-- Your objective --
Restate, exactly as written, the entries below from the line that holds "食品加工毕业论文题目有哪些好写的" through the line that holds "Individual Differences, Stress, and". Pictures are not part of the copy.

Saved entries:
════════

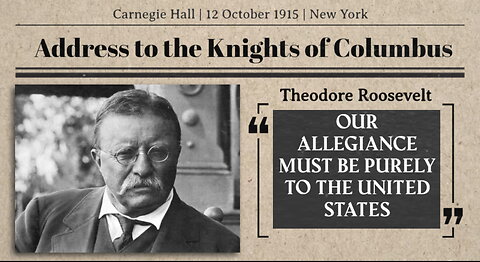 Theodore Roosevelt's Address to the Knights of Columbus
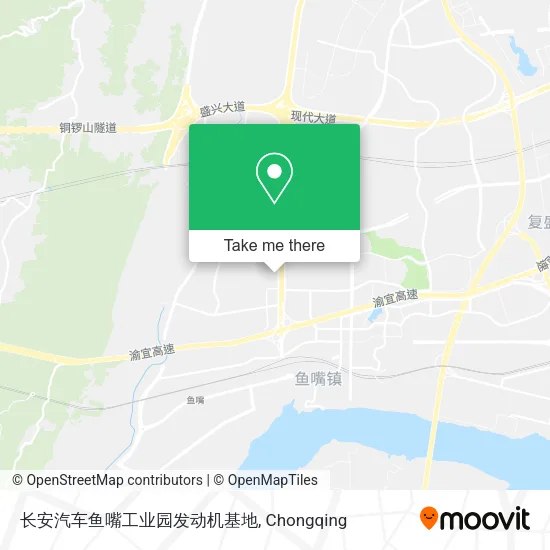 长安汽车鱼嘴工业园发动机基地 map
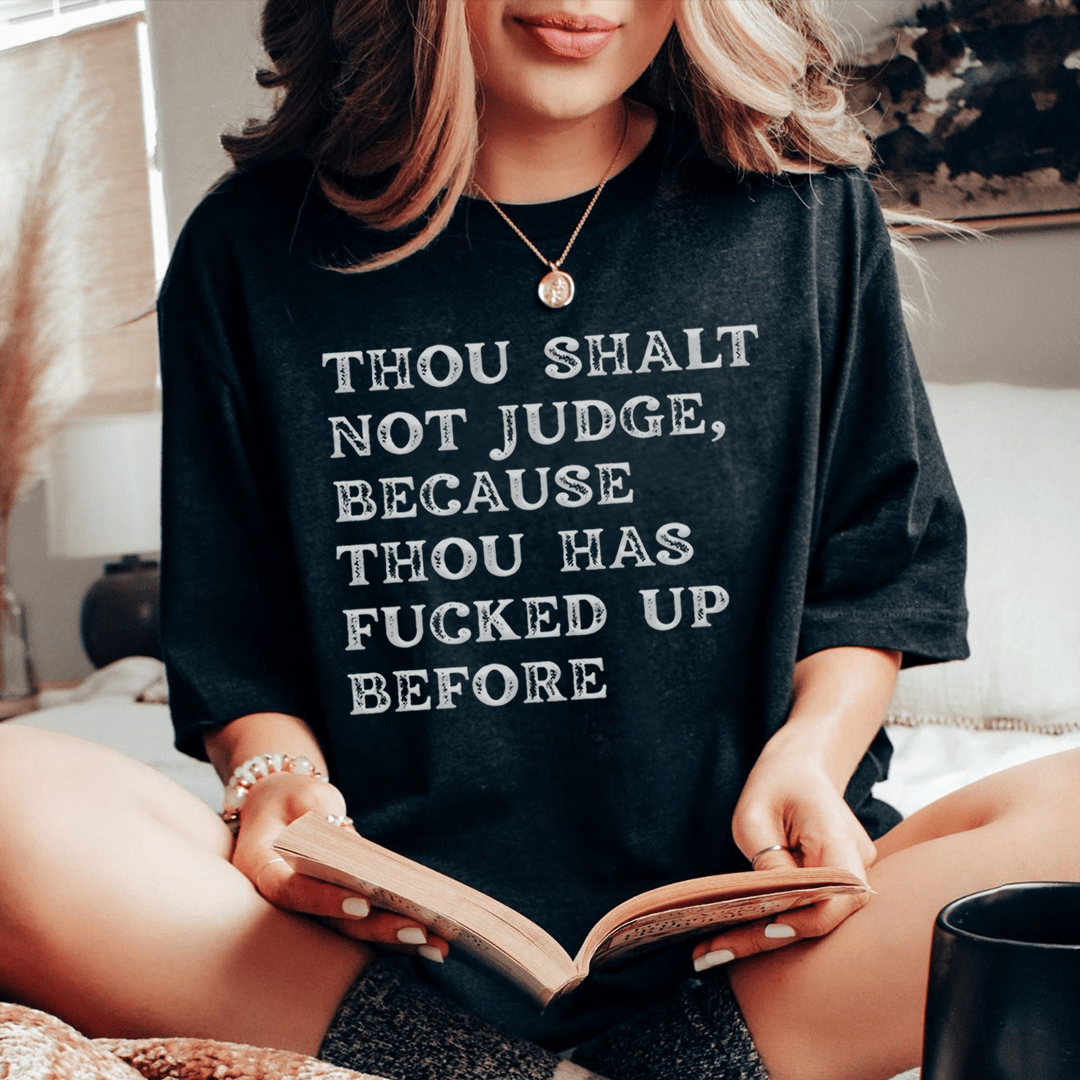 Thou Shalt Not Judge Tee shopmerchmallow Thou Shalt Not Judge Tee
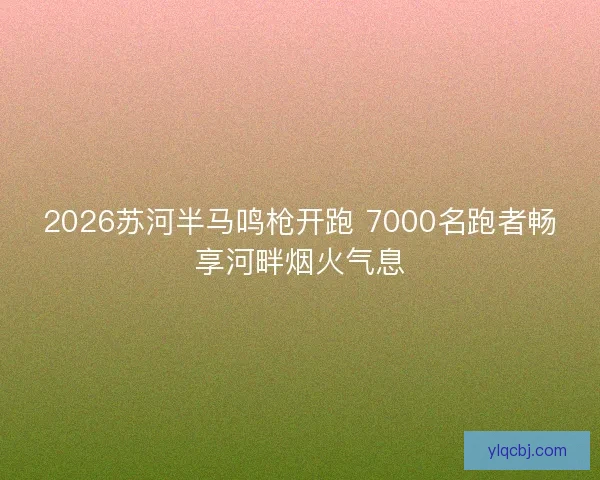2026苏河半马鸣枪开跑 7000名跑者畅享河畔烟火气息 2026苏河半马鸣枪开跑 7000名跑者畅享河畔烟火气息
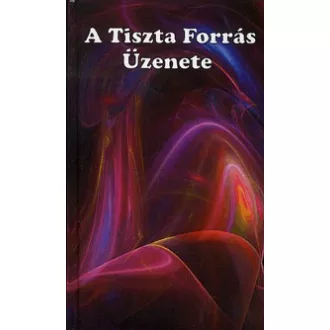 A Tiszta Forrás Üzenete - Ég és Föld titkaiból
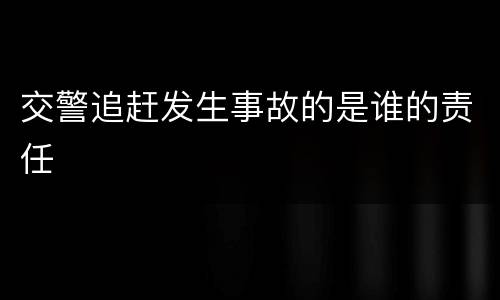 交警追赶发生事故的是谁的责任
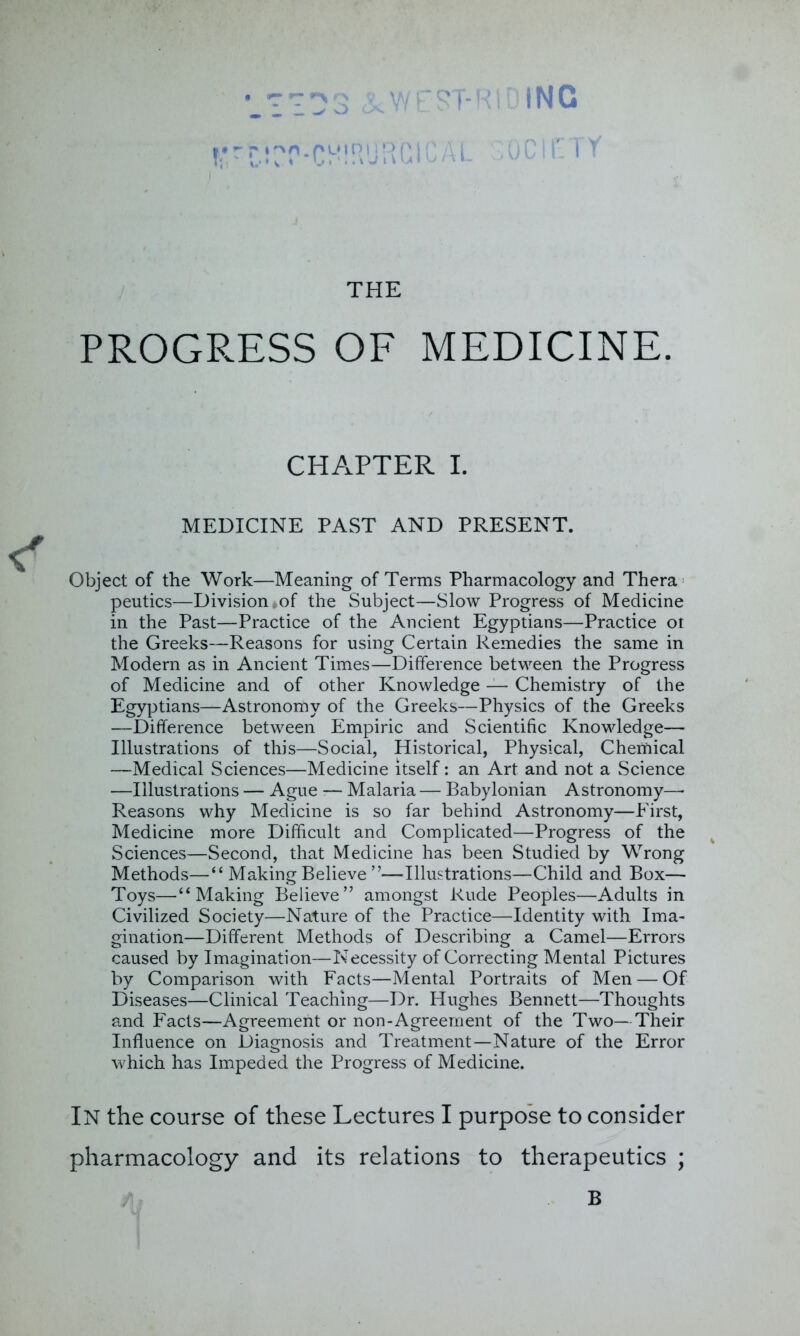 . . vy ^ '.;:03 &WEST-R T*r t- i ! RUH G i C A L ING ClfiTY THE PROGRESS OF MEDICINE. CHAPTER I. MEDICINE PAST AND PRESENT. Object of the Work—Meaning of Terms Pharmacology and Thera peutics—Division of the Subject—Slow Progress of Medicine in the Past—Practice of the Ancient Egyptians—Practice oi the Greeks—Reasons for using Certain Remedies the same in Modern as in Ancient Times—Difference between the Progress of Medicine and of other Knowledge — Chemistry of the Egyptians—Astronomy of the Greeks—Physics of the Greeks —Difference between Empiric and Scientific Knowledge— Illustrations of this—Social, Historical, Physical, Cherftical —Medical Sciences—Medicine itself: an Art and not a Science —Illustrations — Ague •— Malaria — Babylonian Astronomy—- Reasons why Medicine is so far behind Astronomy—First, Medicine more Difficult and Complicated—Progress of the Sciences—Second, that Medicine has been Studied by Wrong Methods—“ Making Believe ”—Illustrations—Child and Box— Toys—“Making Believe” amongst Rude Peoples—Adults in Civilized Society—Nature of the Practice—Identity with Ima- gination—Different Methods of Describing a Camel—Errors caused by Imagination—Necessity of Correcting Mental Pictures by Comparison with Facts—Mental Portraits of Men — Of Diseases—Clinical Teaching—Dr. Hughes Bennett—Thoughts and Facts—Agreement or non-Agreement of the Two—Their Influence on Diagnosis and Treatment—Nature of the Error which has Impeded the Progress of Medicine. IN the course of these Lectures I purpose to consider pharmacology and its relations to therapeutics ; III B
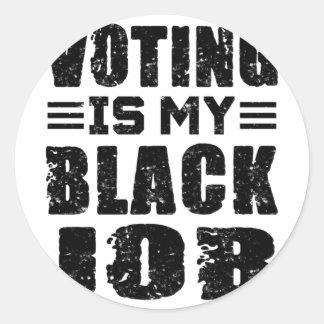 Rond Voter Est Mon Sticker De Vêtements De Travail Noir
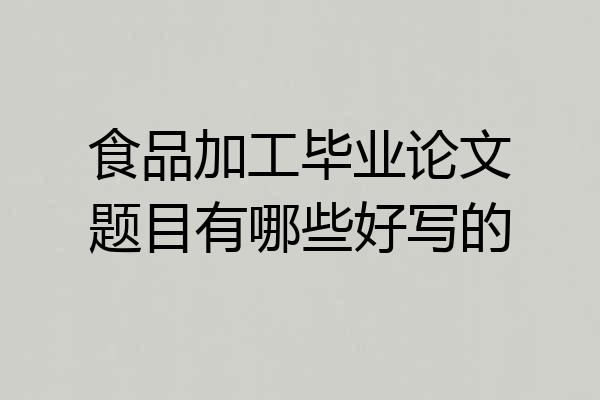 食品加工毕业论文题目有哪些好写的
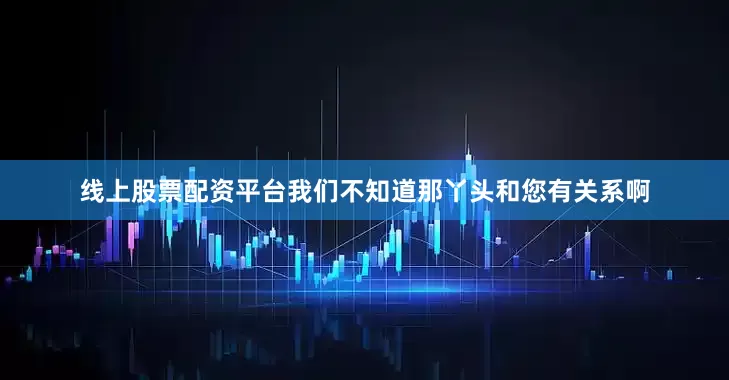 线上股票配资平台我们不知道那丫头和您有关系啊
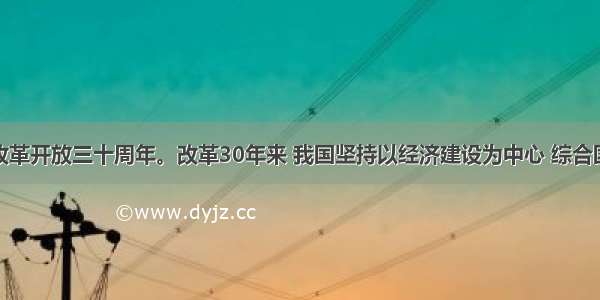 是我国改革开放三十周年。改革30年来 我国坚持以经济建设为中心 综合国力迈上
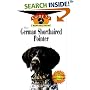 The German Shorthaired Pointer: An Owner's Guide to a Happy Healthy Pet (Owner's Guides to a Happy Healthy Pet)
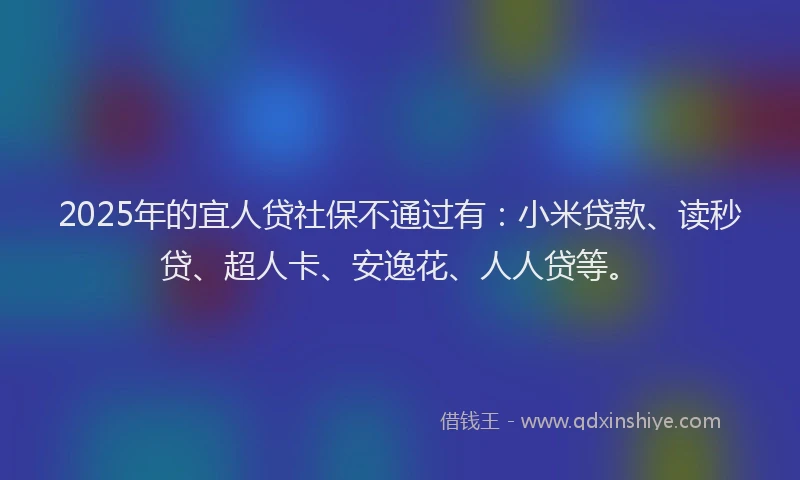 2025年的宜人贷社保不通过有：小米贷款、读秒贷、超人卡、安逸花、人人贷等。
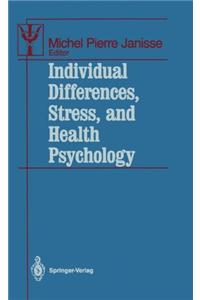 Individual Differences, Stress, and Health Psychology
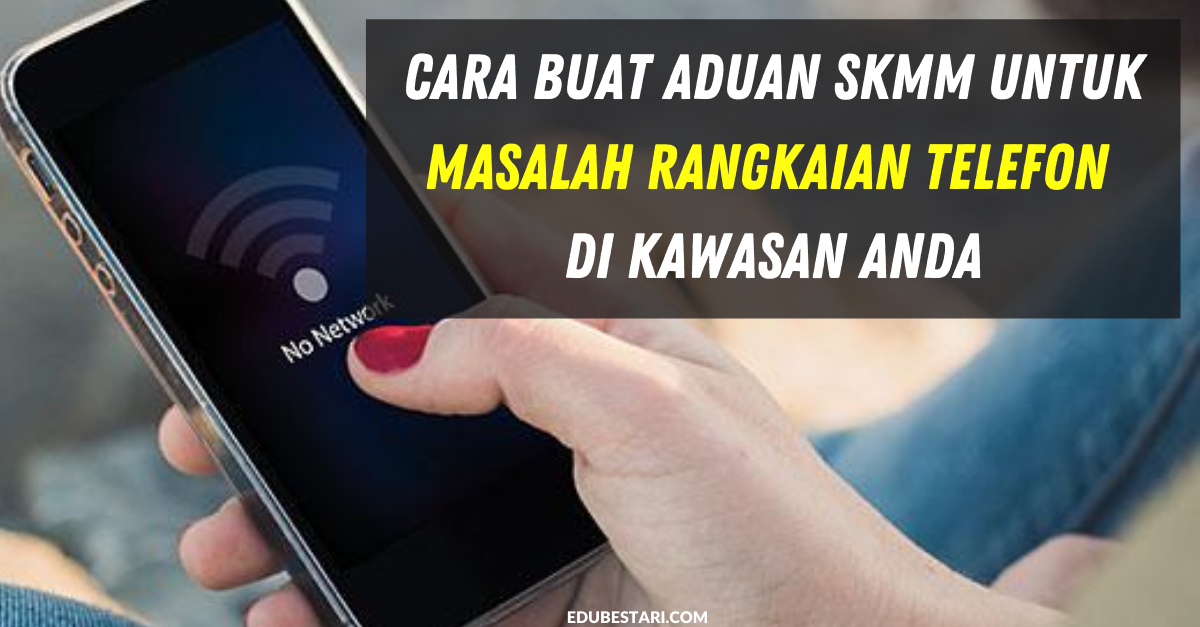 Cara Buat Aduan SKMM Untuk Masalah Rangkaian Telefon Di Kawasan Anda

════════

-- Exercise answer --
 食品加工毕业论文题目有哪些好写的
 线上股票配资平台我们不知道那丫头和您有关系啊
 是我国改革开放三十周年。改革30年来 我国坚持以经济建设为中心 综合国力迈上
 The German Shorthaired Pointer: An Owner's Guide to a Happy Healthy Pet (Owner's Guides to a Happy Healthy Pet)
 2025年的宜人贷社保不通过有：小米贷款、读秒贷、超人卡、安逸花、人人贷等。
 Individual Differences, Stress, and Health Psychology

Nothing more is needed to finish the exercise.